Your job is to give again, exactly and with no additions, the lines in the records below from the one with "Киа All New K73.0 LPI Рент-а-кар Лукс - 14" through the one with "México — $260,000 — foto 1", both included. Omit the pictures.

• _Data extract_
▼

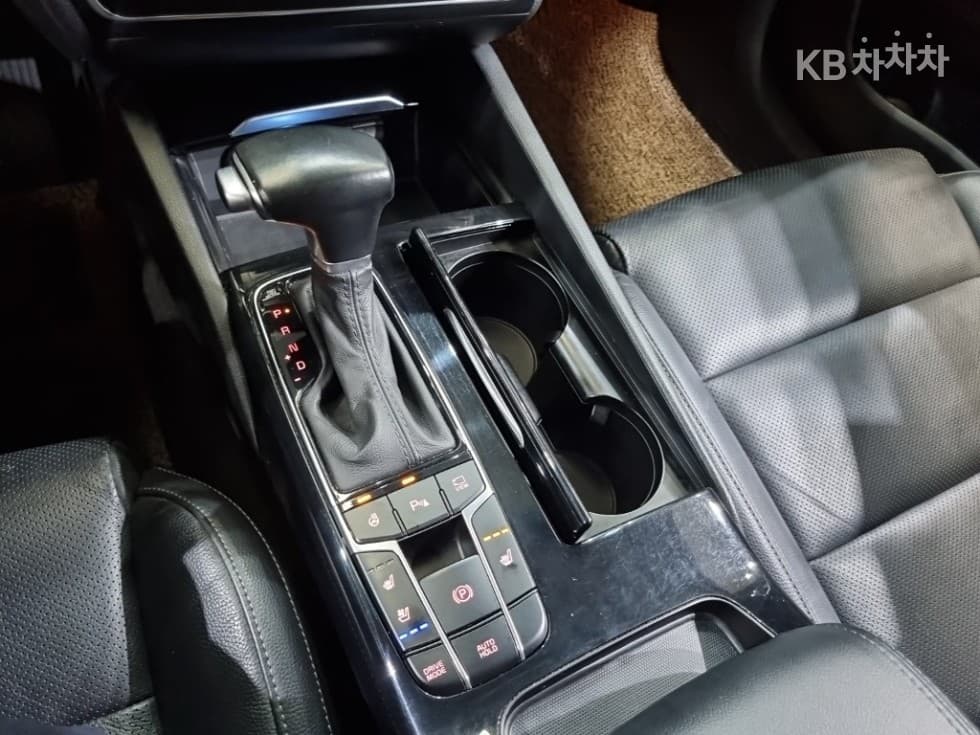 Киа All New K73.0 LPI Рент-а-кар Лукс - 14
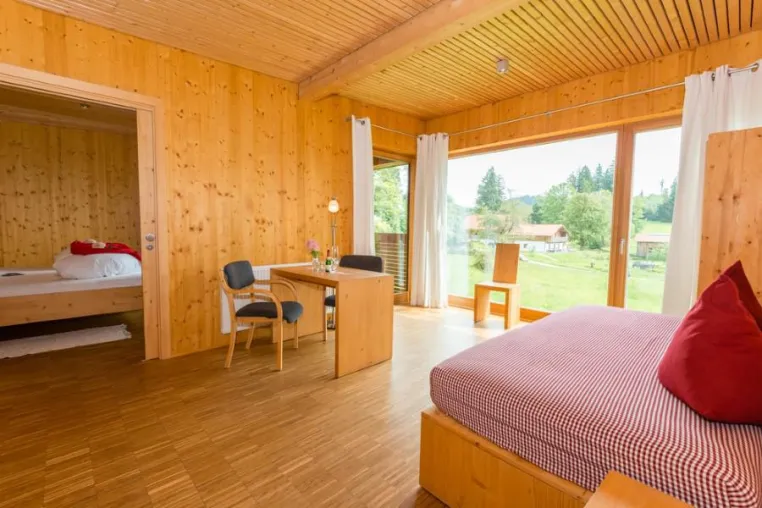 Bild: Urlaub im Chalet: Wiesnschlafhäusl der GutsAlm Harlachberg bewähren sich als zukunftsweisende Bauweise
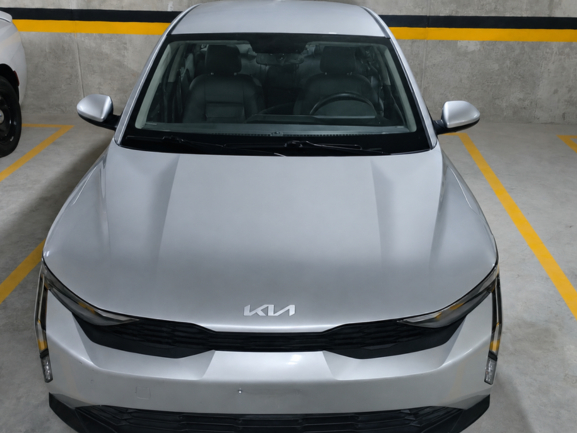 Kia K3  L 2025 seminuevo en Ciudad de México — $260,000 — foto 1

▲
▼

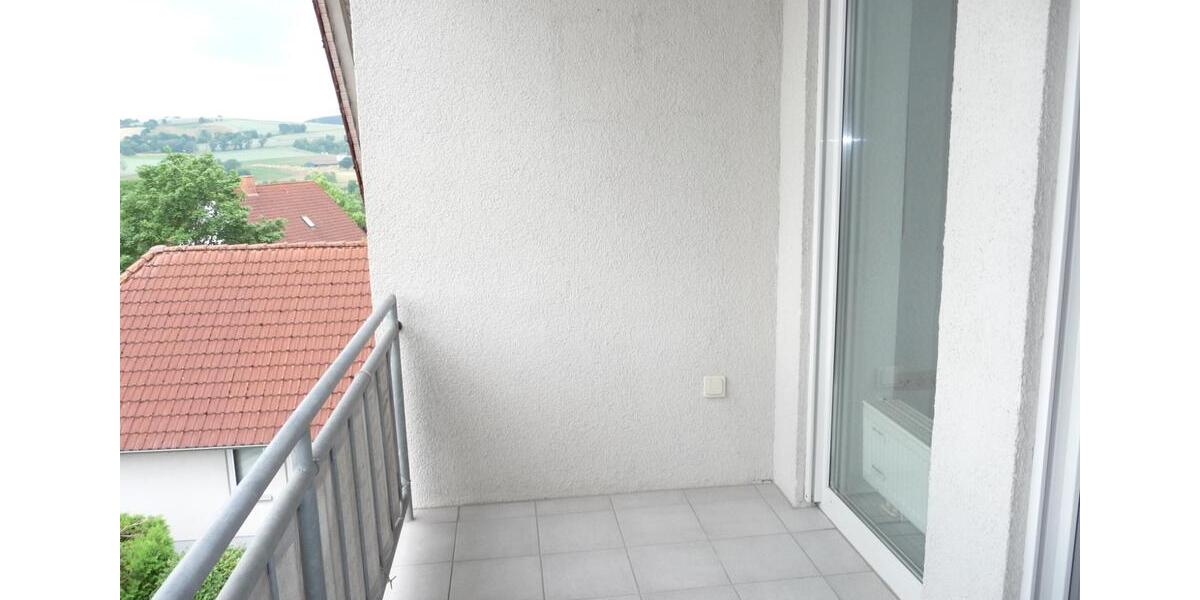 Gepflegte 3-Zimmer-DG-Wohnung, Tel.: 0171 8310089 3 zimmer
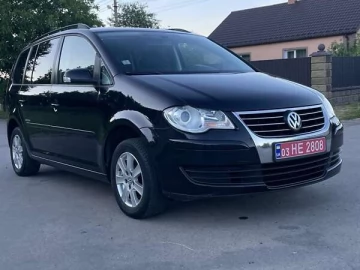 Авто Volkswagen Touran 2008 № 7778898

▲

• _Result of the task_
 Киа All New K73.0 LPI Рент-а-кар Лукс - 14
 Bild: Urlaub im Chalet: Wiesnschlafhäusl der GutsAlm Harlachberg bewähren sich als zukunftsweisende Bauweise
 Kia K3  L 2025 seminuevo en Ciudad de México — $260,000 — foto 1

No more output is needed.